I hate winter. I despise snow, ice and cold, and blasting winds.  Ye can keep yer cosy fireside chats and toasted marshmallows and tobogganing. I wished I lived in a warm country. Having said all that, I kinda love the way we get our drawers totally in a knot over weather 'events'.  I love the way we both underplay them,(describing the catastrophic weather as mere 'events'); and the way we overplay it; round de clock news reports by harried journalists almost in tears on de telly - step forward Teresa Mannion.  We clear the shops of bread, milk and batteries. If thermonuclear war ever does break out de Paddies will inherit (what's left) of the earth. Wots yer take on it all?


----------



## odyssey06 (27 Feb 2018)

I'm fortunate in that I can work from home, so that means I avoid some of the worst of the hassle of getting into work. The downside of that of course is that when other people can't work, I am still working, like during Hurricane Ophelia when our main office was shut.

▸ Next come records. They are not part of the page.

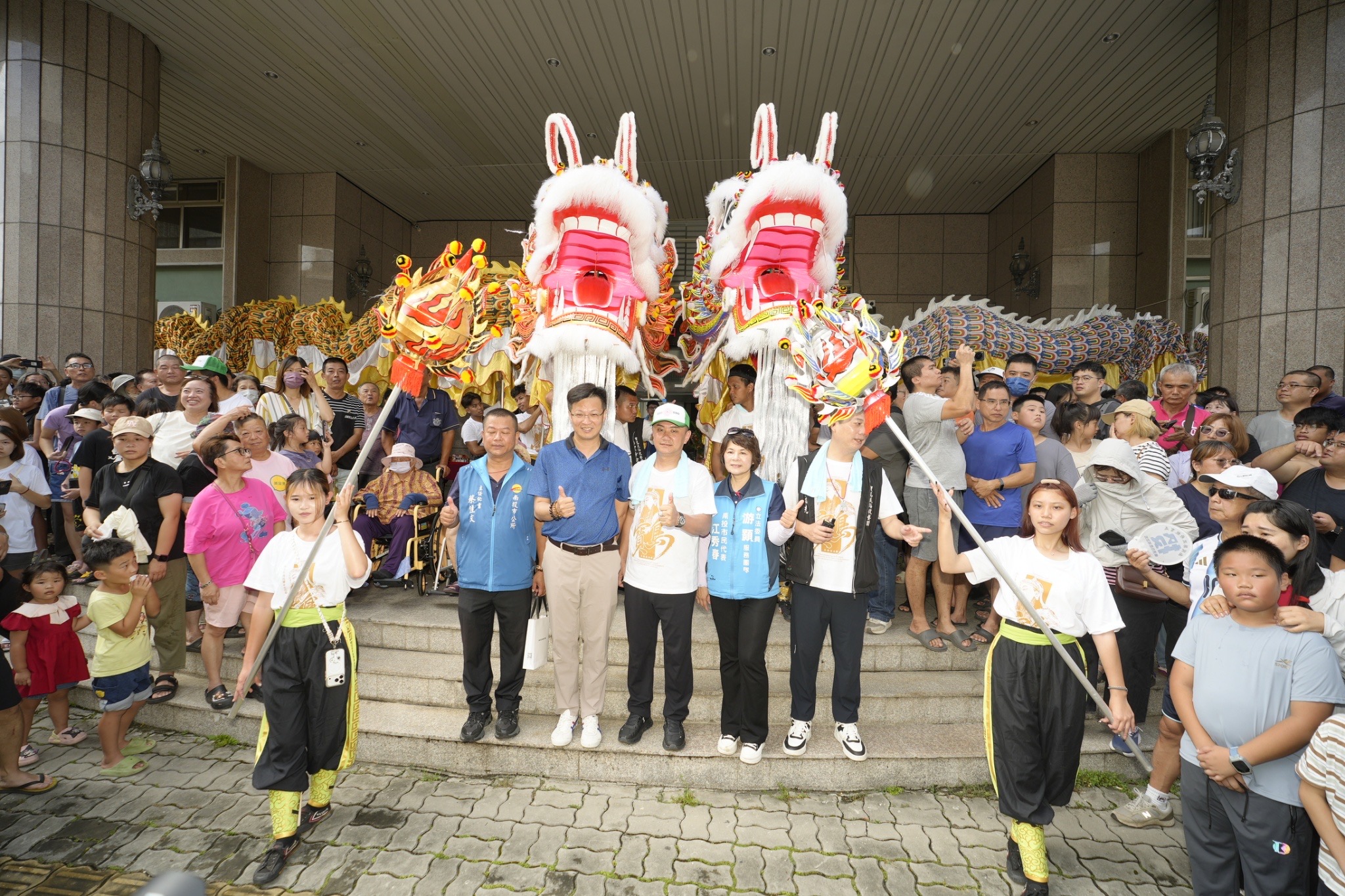 海內外頂尖藝陣齊聚南投!2026南投帝君文化節圓滿落幕 上千民眾爭睹「金銀巨龍」盛況 海內外頂尖藝陣齊聚南投!2026南投帝君文化節圓滿落幕 上千民眾爭睹「金銀巨龍」盛況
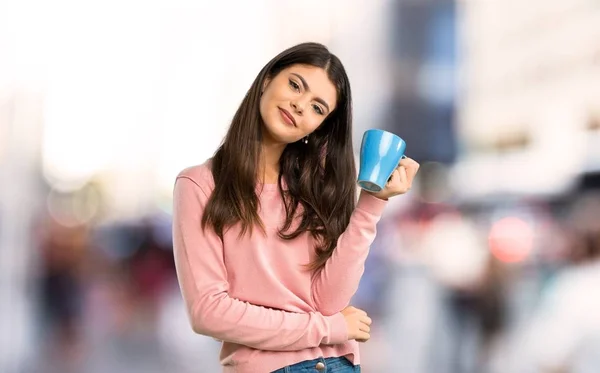 Menina Adolescente Com Camisa Rosa Segurando Uma Xícara Quente Café — Fotografia de Stock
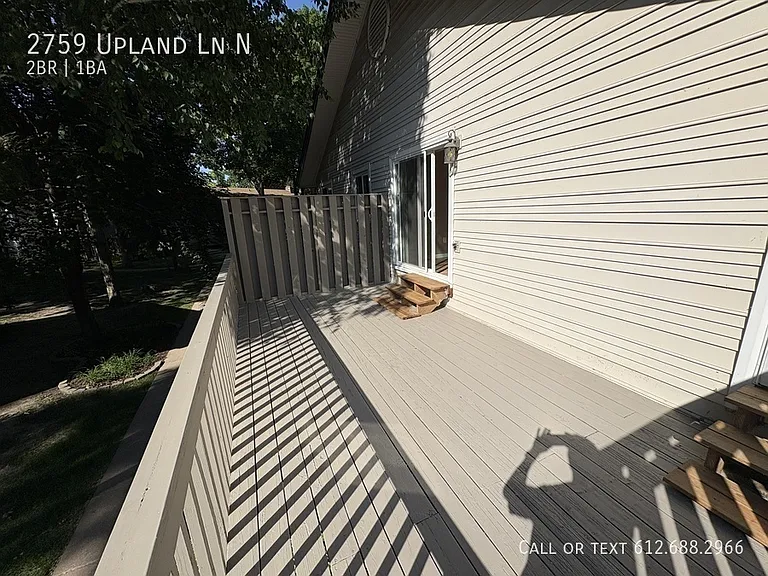 2759 Upland Ln N — Photo 14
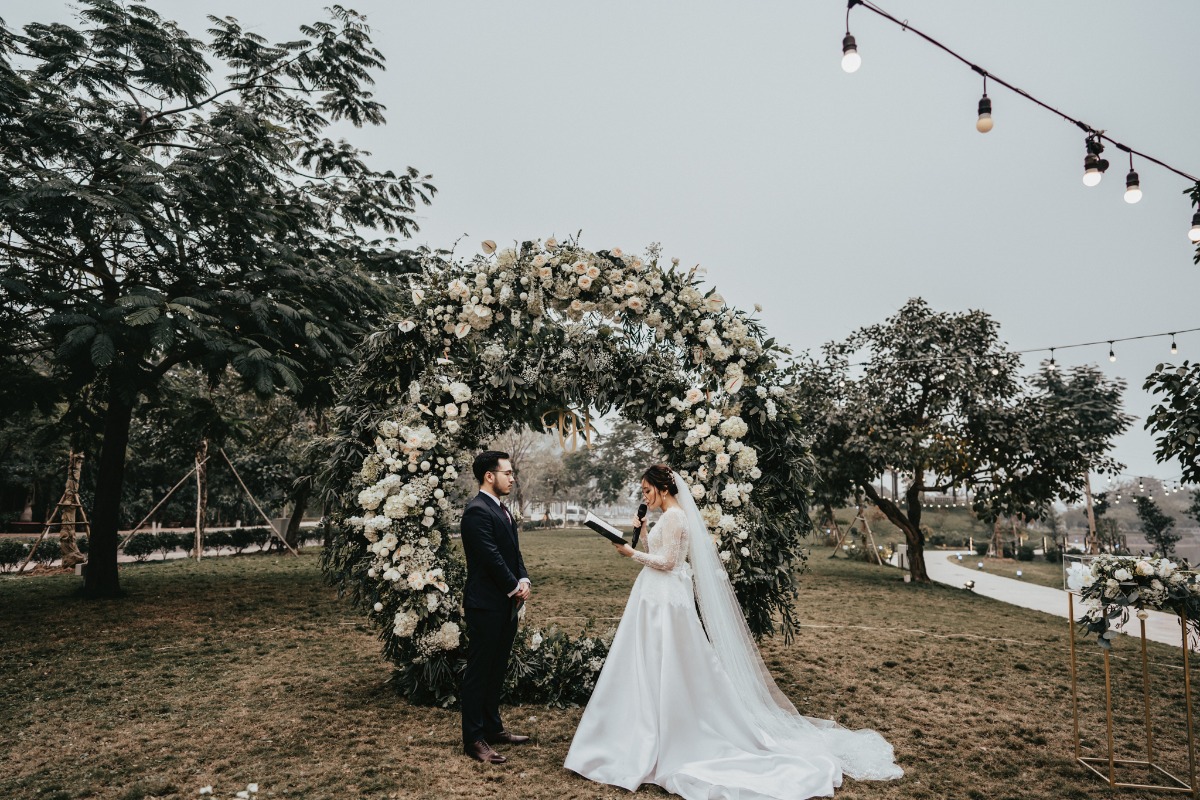 jwmarriott-ha-noi-intimate-wedding-of-tr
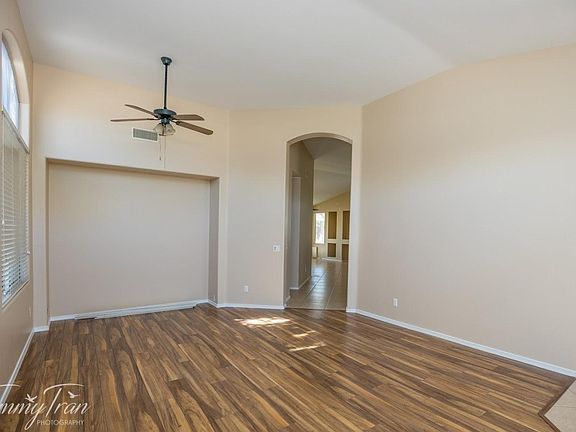 2nd image of 1449 W Enfield Way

Also, I think over a weekend I could enjoy a snowfall - from the cosy indoors. A walk outside on fresh fallen snow in the calm after the storm.

The problem will be if it lingers and turns into ice like back in 2010 (?) ... that was just a pain in the backside for about a week.

The TV news agencies are loving it... actual stuff to show! They have the same number of hours to broadcast if there's nothing happening, or something happening. This is at least something visual happening.


----------



## Firefly (27 Feb 2018)

The Beast from the East is causing me a world of pain.....I planted new daffs last Autumn and they are almost in bloom but now I fear the worst.


----------



## Purple (27 Feb 2018)

Firefly said:


> The Beast from the East is causing me a world of pain.....I planted new daffs last Autumn and they are almost in bloom but now I fear the worst.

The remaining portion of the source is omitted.